> [Material shown]
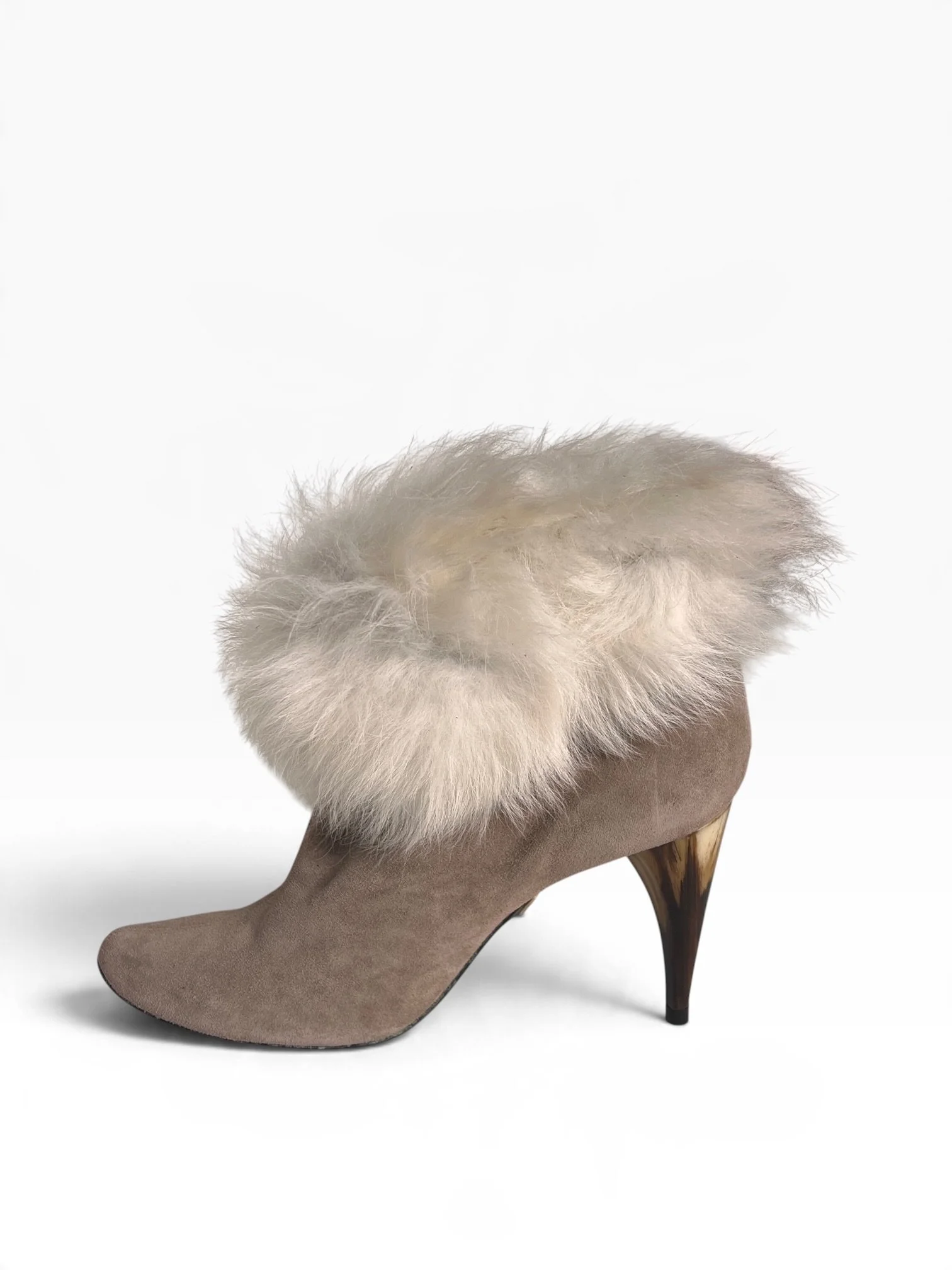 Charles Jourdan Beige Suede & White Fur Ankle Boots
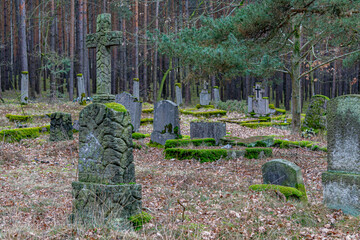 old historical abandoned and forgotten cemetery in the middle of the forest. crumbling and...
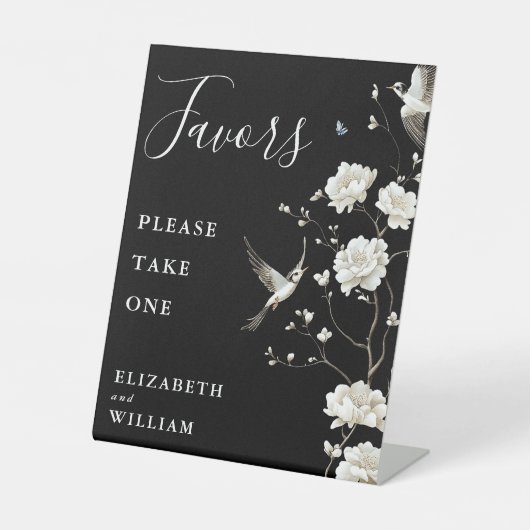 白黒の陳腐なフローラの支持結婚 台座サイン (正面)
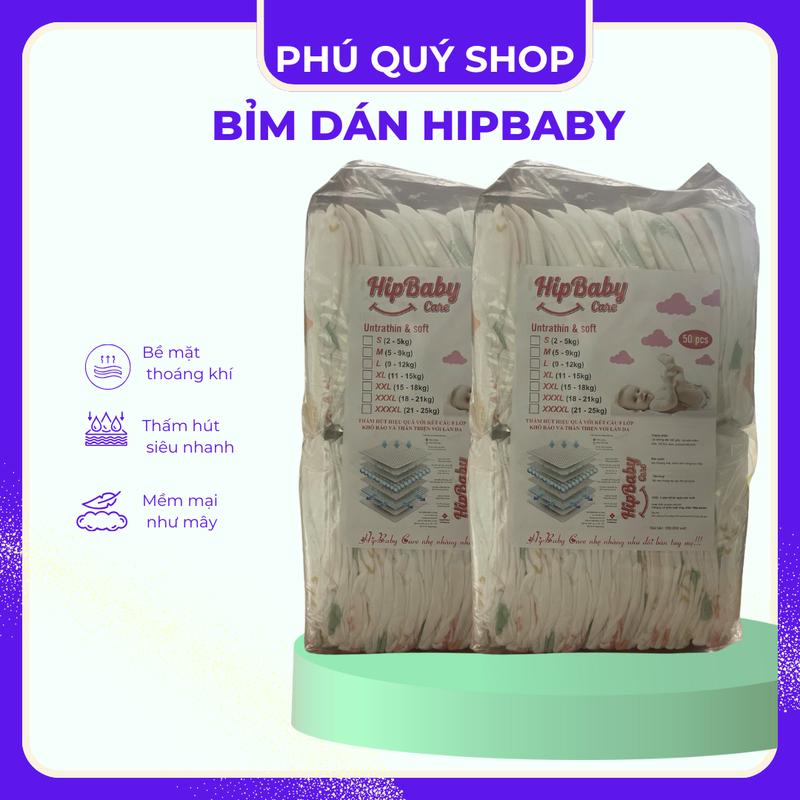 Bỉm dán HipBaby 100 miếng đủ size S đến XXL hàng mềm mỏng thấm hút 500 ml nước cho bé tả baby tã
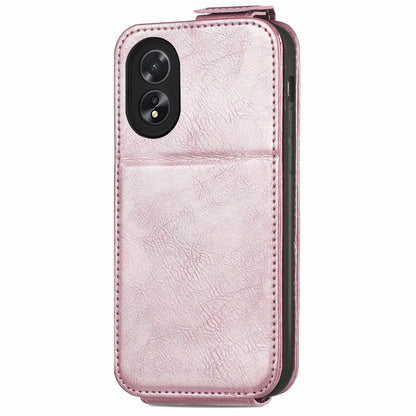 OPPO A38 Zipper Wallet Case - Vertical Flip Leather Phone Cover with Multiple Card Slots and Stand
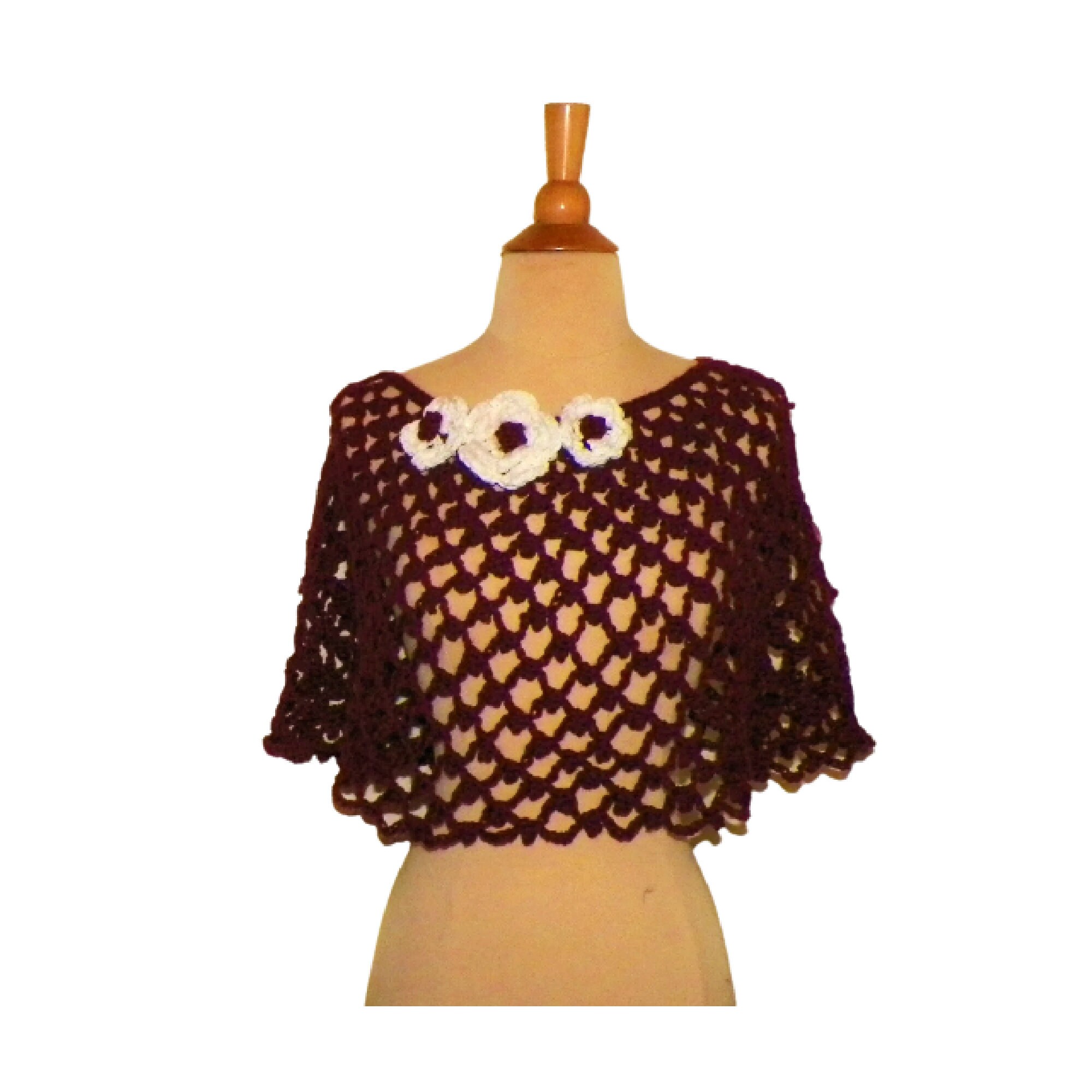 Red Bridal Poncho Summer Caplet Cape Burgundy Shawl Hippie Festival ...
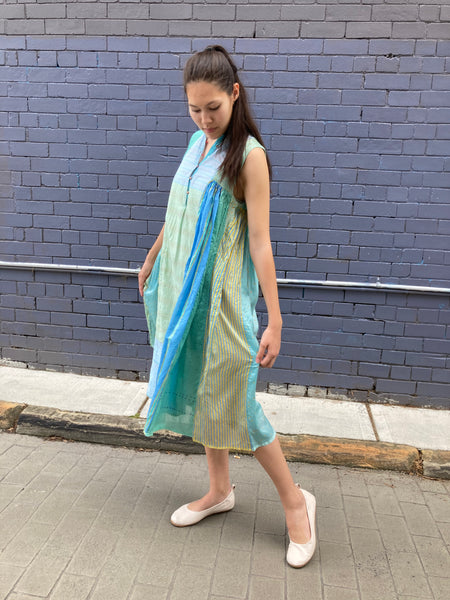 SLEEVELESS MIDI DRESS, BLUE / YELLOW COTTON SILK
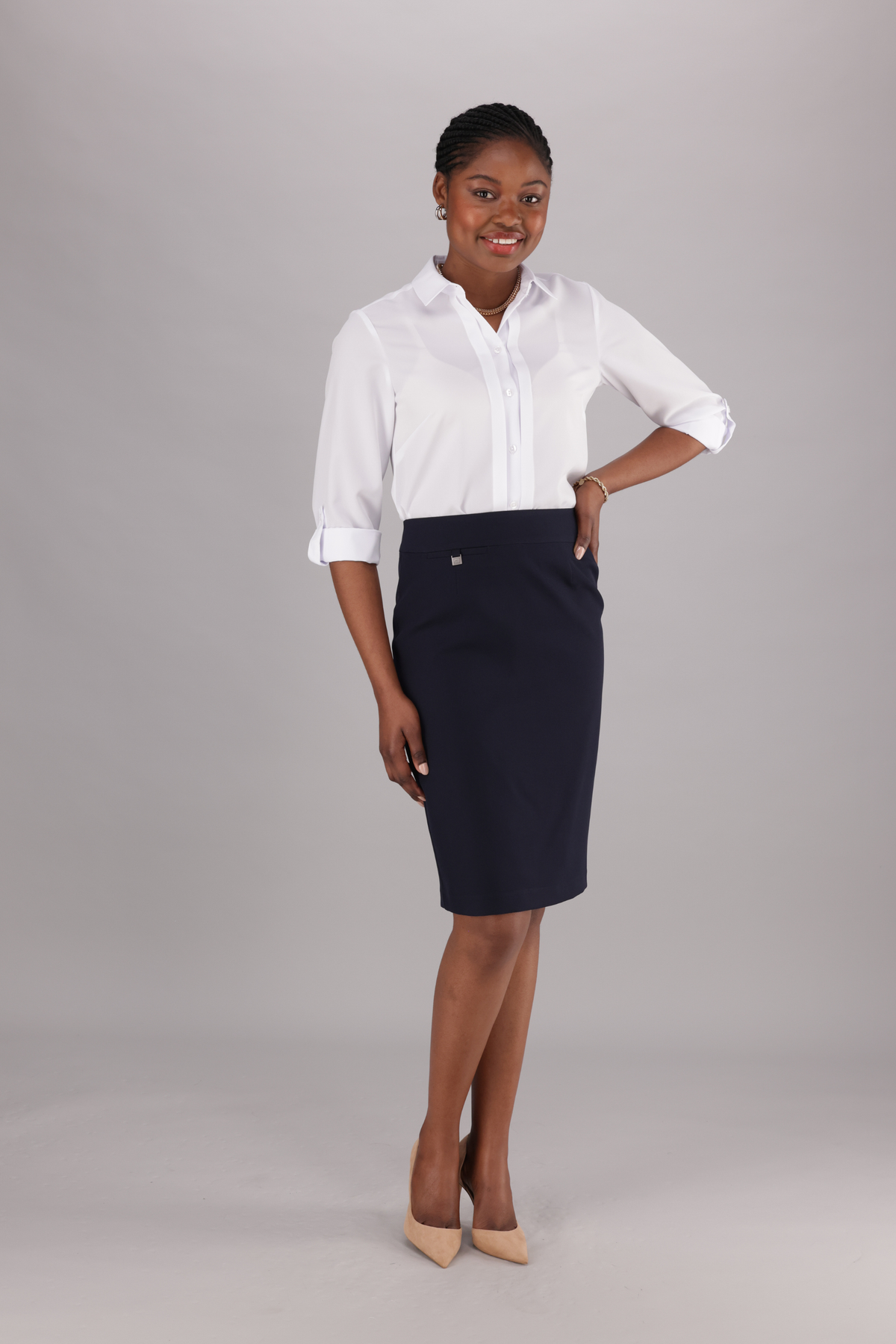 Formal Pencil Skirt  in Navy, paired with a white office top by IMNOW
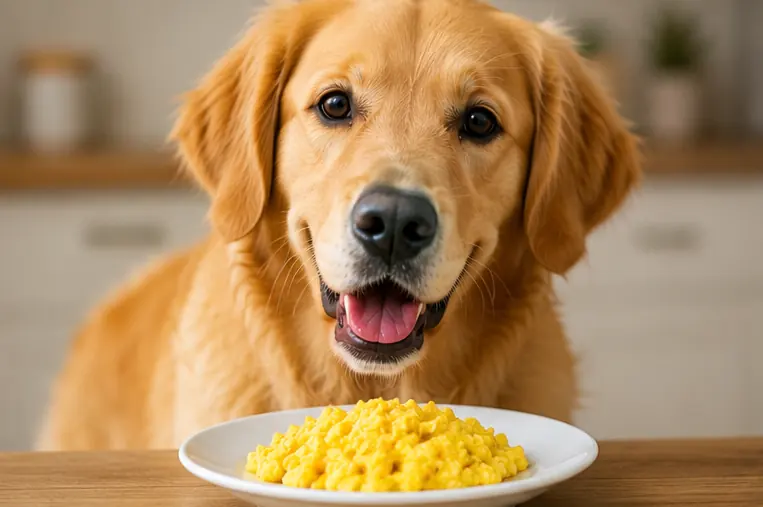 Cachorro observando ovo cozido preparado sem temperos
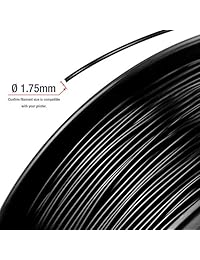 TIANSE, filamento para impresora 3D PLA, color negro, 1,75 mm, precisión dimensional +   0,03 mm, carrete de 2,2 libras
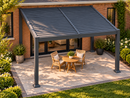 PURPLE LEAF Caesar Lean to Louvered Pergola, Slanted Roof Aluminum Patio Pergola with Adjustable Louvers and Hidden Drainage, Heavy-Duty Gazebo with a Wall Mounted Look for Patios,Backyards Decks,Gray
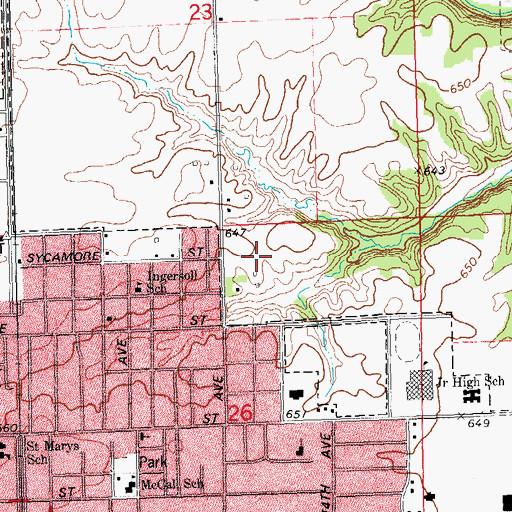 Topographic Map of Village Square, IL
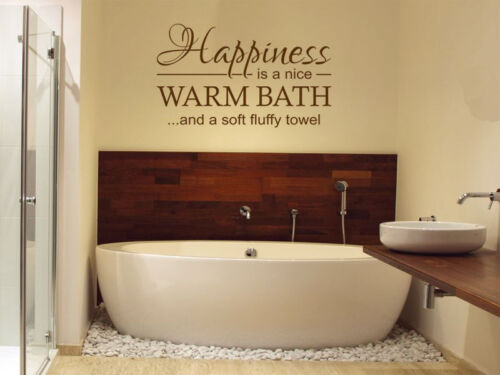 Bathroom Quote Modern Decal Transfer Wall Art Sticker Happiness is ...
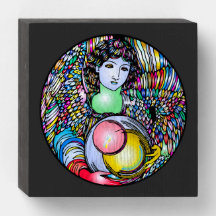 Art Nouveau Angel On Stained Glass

> [Task prompt] Leave the pictures aside and print exactly, and only, the lines from the one with "old historical abandoned" through the end of the data, both included.

> [Reply to the task]
 old historical abandoned and forgotten cemetery in the middle of the forest. crumbling and...
 白黒の陳腐なフローラの支持結婚 台座サイン (正面)
 Bỉm dán HipBaby 100 miếng đủ size S đến XXL hàng mềm mỏng thấm hút 500 ml nước cho bé tả baby tã
 OPPO A38 Zipper Wallet Case - Vertical Flip Leather Phone Cover with Multiple Card Slots and Stand
 Red Bridal Poncho Summer Caplet Cape Burgundy Shawl Hippie Festival ...
 SLEEVELESS MIDI DRESS, BLUE / YELLOW COTTON SILK
 Formal Pencil Skirt  in Navy, paired with a white office top by IMNOW
 Cachorro observando ovo cozido preparado sem temperos
 TIANSE, filamento para impresora 3D PLA, color negro, 1,75 mm, precisión dimensional +   0,03 mm, carrete de 2,2 libras
 PURPLE LEAF Caesar Lean to Louvered Pergola, Slanted Roof Aluminum Patio Pergola with Adjustable Louvers and Hidden Drainage, Heavy-Duty Gazebo with a Wall Mounted Look for Patios,Backyards Decks,Gray
 Topographic Map of Village Square, IL
 Bathroom Quote Modern Decal Transfer Wall Art Sticker Happiness is ...
 Art Nouveau Angel On Stained Glass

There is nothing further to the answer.